Um dos meus balcões favoritos em Lisboa é o do Senhor Uva, um micro restaurante de cozinha botânica e vinhos de intervenção mínima, colado ao Jardim da Estrela.
Infelizmente, fui lá ontem e confirma-se. O balcão está suspenso. Felizmente, constata-se também o seguinte: a sua cozinha continua maravilhosa.
À frente da casa está um jovem casal canadense, Marc Davidson, na sala, e Stephanie Audet, na cozinha. O espaço abriu em 2019, uma loja em subcave mas com um grande janelão para a rua, onde se alinham garrafas de vinhos de mínima intervenção e origens diversas, da Ligúria, em Itália, a Rheinhessen, na Alemanha, passando por Óbidos.
Se nunca provou um orange wine, este é um bom sítio para o fazer.
A discussão fratricida sobre vinhos não deve contudo desviá-lo da comida, que aqui também é protagonista. E há novidades na matéria, visto que a carta mudou completamente.
Um dos novos pratos é o de cogumelos pleurotus. Na verdade, o nome é muito mais extenso. O prato está cheio de elementos e de detalhes, tudo intricado numa composição entrelaçada, alta joalharia culinária.
Num único palmo de comida, temos caramelizações, assados, reduções, pós, cremes.
Há de tudo e tudo é bom. A crocância doce das sementes caramelizadas, o tostado amargo do alho francês, o tremoço picado e salgado, a gema do ovo perfeita inundando o prato, tantas texturas, tantas emoções, tantos nutrientes, tanta coisa a acontecer da ponta da língua ao estômago, coisas boas, a cada garfada um hmmm — tudo perfeito, produtos de campeonato Michelin (para cima), uma surpresa a cada combinação.

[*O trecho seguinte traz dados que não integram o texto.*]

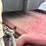 2018-kenworth-t880-image-34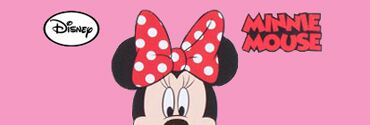 Minnie Mouse Minnie Mouse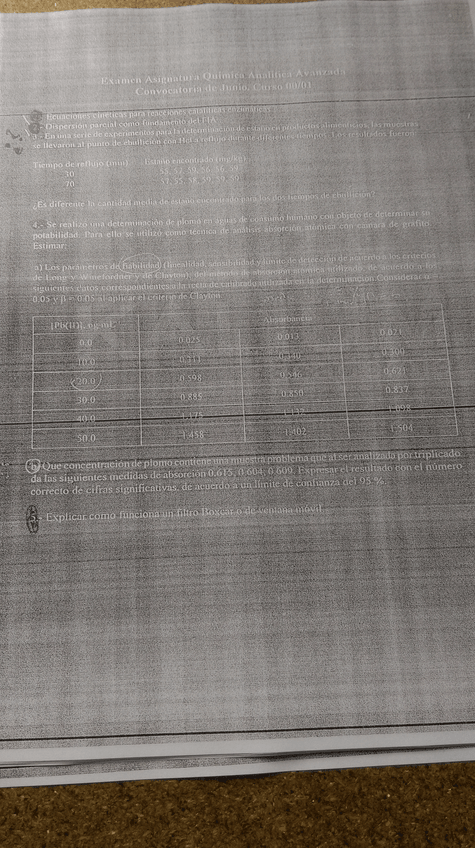 Miniatura del documento IMAG1992.jpg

A fórmula da Senhora Uva não está na moda na alta cozinha. A ortodoxia imposta pelos nórdicos europeus e sua arrogância cool tem prescrito poucos elementos no prato — a mesma ideia do mobiliário.
O mundo da alta gastronomia, devoto da lei de Noma (o multi-premiado restaurante de Copenhaga), há muito que segue a máxima e apregoa que assim é que tem de ser. Sempre.
Ora, Stephanie está cá para lhes mostrar que não tem. Canadá rules. Na Estrela.
Folgo em saber que ainda há por cá quem não tenha sido evangelizado pelo monge Petrini. Os novos acólitos viram a luz num hambúrguer acompanhado de cerveja artesanal servido al fresco. Realmente, coisa de génio!
Também por isso é um enorme prazer lê-lo.
PS- Sou admirador do Redzepi, fui ao Noma pré primeira vez no primeiro lugar nos 50 best e hei-de voltar, mas há limites!
Obrigado, Miguel. Ahahahah. Volte sempre, por favor.